(AVAILABLE DATA):

- - - - - - -

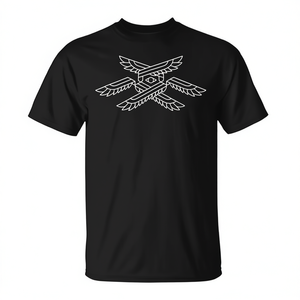 T-shirt Angel Seraphim Ophanim noir avec motif d'ailes, unisexe, col rond, manches courtes, pour adulte - Product Image 2
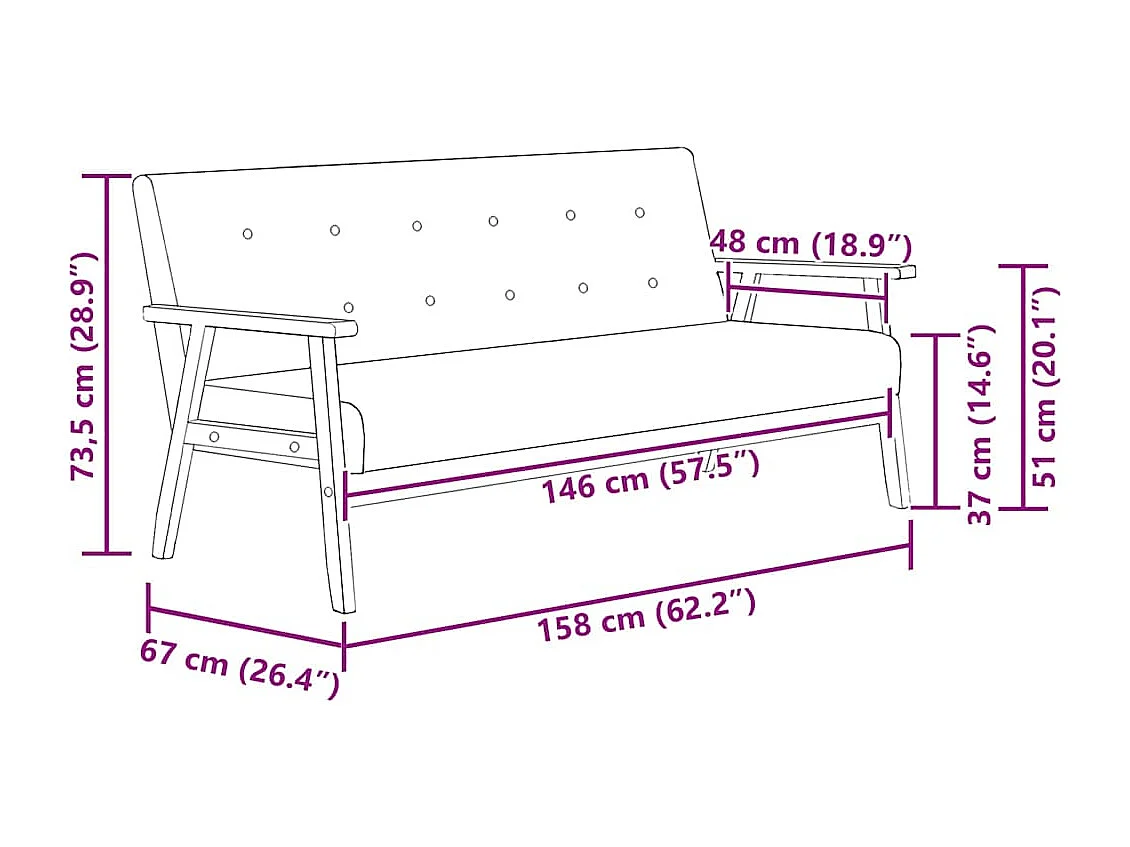Canapé à 3 places Noir Similicuir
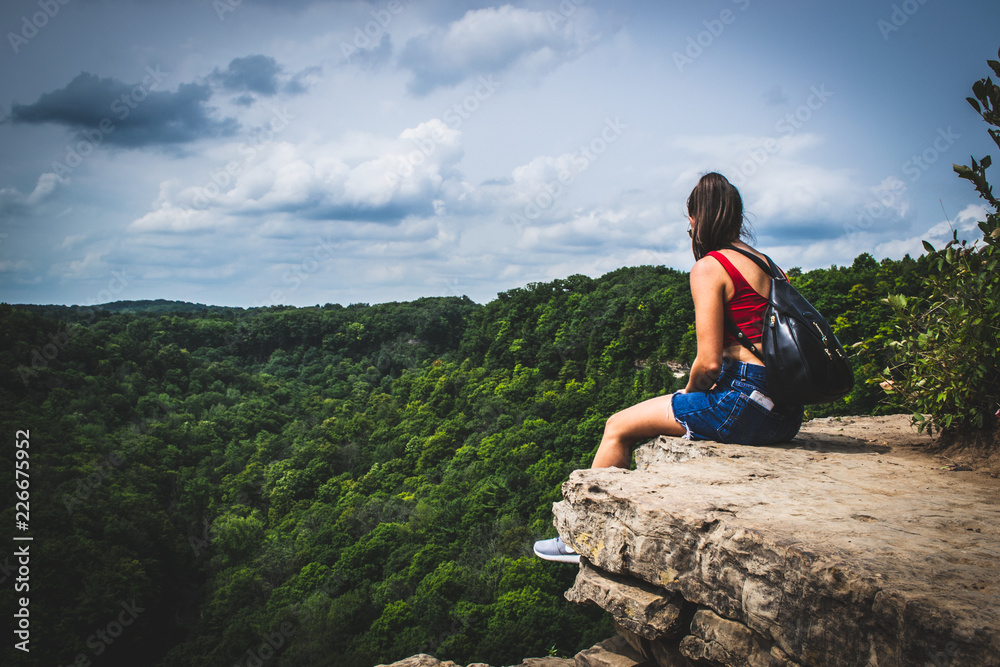 Woman on the cliff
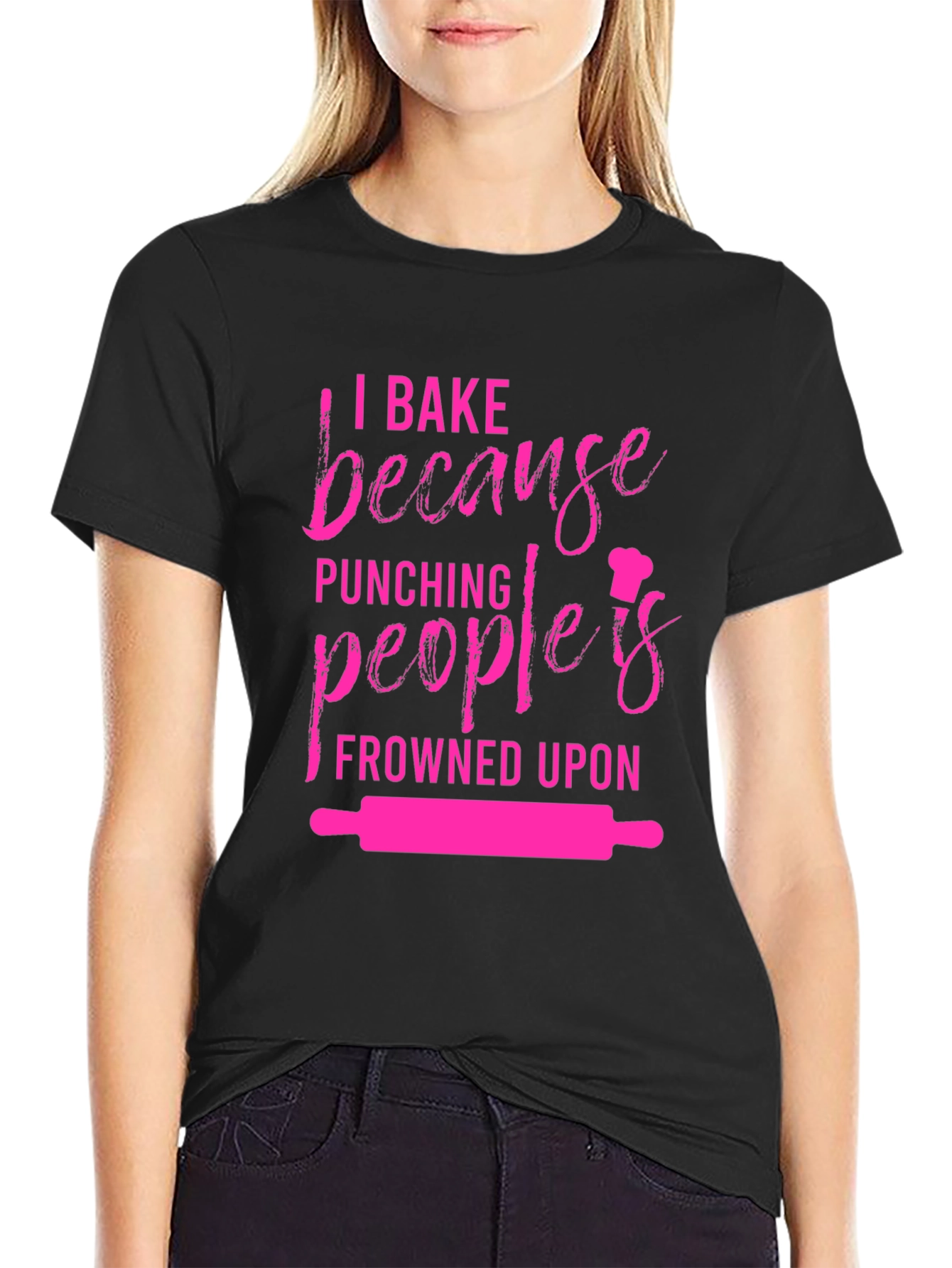 Black Baking Humor Graphic Tee - I Bake Because Punching Is Frowned Upon view 2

- - - - - - -

(THE TASK): Retype the whole of the data verbatim. Skip every picture.

(TASK SOLUTION):
 T-shirt Angel Seraphim Ophanim noir avec motif d'ailes, unisexe, col rond, manches courtes, pour adulte - Product Image 2
Canapé à 3 places Noir Similicuir
 Woman on the cliff
 Black Baking Humor Graphic Tee - I Bake Because Punching Is Frowned Upon view 2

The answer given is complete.